Session
Towards Attractive, Sustainable, and Inclusive Cities: Insights from the New European Bauhaus
Track 2 - Special Session
As European cities advance toward climate neutrality, it is essential that the transition is not only sustainable but also attractive, inclusive, and rooted in local quality of life. The New European Bauhaus (NEB) initiative, launched by the European Commission, seeks to intertwine sustainability, aesthetics, and social inclusion, providing a cultural and creative dimension to the European Green Deal. This session explores how NEB principles can be operationalized in urban transformation processes, with a particular focus on supporting practitioners and local governments in aligning projects with NEB values. The New European Bauhaus Self-Assessment Handbook (JRC139118) offers a structured methodology to evaluate projects across three dimensions - sustainability, beauty, and inclusiveness - at multiple spatial scales (building, neighbourhood, and urban). Through a hierarchy of indicators and key performance indicators, and an accompanying online tool, the handbook encourages continuous improvement, stakeholder dialogue, and shared learning across the project lifecycle. The session will address two central questions: (1) How can cities and project promoters leverage NEB principles to create more desirable, resilient, and inclusive living environments, while ensuring measurable progress across complex and context-dependent sustainability targets? (2) How can the NEB self-assessment process be made both feasible for practitioners, who often face time and resource constraints, and easy to scale and evaluate at the city level, without losing the richness and balance across sustainability, beauty, and inclusiveness? Connecting directly to SSPCR 2025’s thematic tracks on sustainable transitions, community resilience, and governance innovation, the session invites contributions that critically examine the application of NEB principles through practical examples, discuss the operational challenges of multi-dimensional project evaluation, and propose solutions to streamline the self-assessment process without oversimplifying it.

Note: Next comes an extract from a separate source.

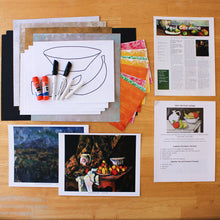 Load image into Gallery viewer, Paul Cezanne Art Box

Ultimately, the session seeks to encourage a shift where sustainability becomes an opportunity to enhance the beauty, accessibility, and social vibrancy of European urban spaces, making the transition not just necessary, but truly desirable for all.
Moderators:
Adriano Bisello, Eurac Research - Institute for Renewable Energy
Elvira Romano, European Commission (JRC)
Chiara Pellegrini, Eurac Research - Institute for Renewable Energy
NEB HANDBOOK
Elvira Romano – NEB self-assessment method and tool
INCLUSIVENESS
Thomas Maloutas – Inclusiveness in urban transformations and public spaces
Oto Potluka – Governance in urban transformations and public spaces
BEAUTY
Barbara Widera – Why Sustainable Beauty Matters: How the New European Bauhaus Inspires Climate-Resilient Cities and Communities
Giancarlo Cotella – How to assess spatial coherence in urban planning and design
Amra Salihbegovic – Designing and measuring high-quality environment, architecture and aesthetic experience of users
SUSTAINABILITY AND PRACTICAL APPLICATIONS
Sara Bianchi – Complex and context-dependent project evaluation across multiple spatial scales (Presentation 122)
Argiro Dimoudi – Environmental impacts in NEB projects
Adriano Bisello – How to support and evaluate the greening of the public sector
Silvia Tomasi – Sleeping Beauty Project: unlocking NEB and NBS values for a more sustainable, inclusive and resilient society
Stefania Gerli – Application of the NEB self-assessment method to a renovation building project.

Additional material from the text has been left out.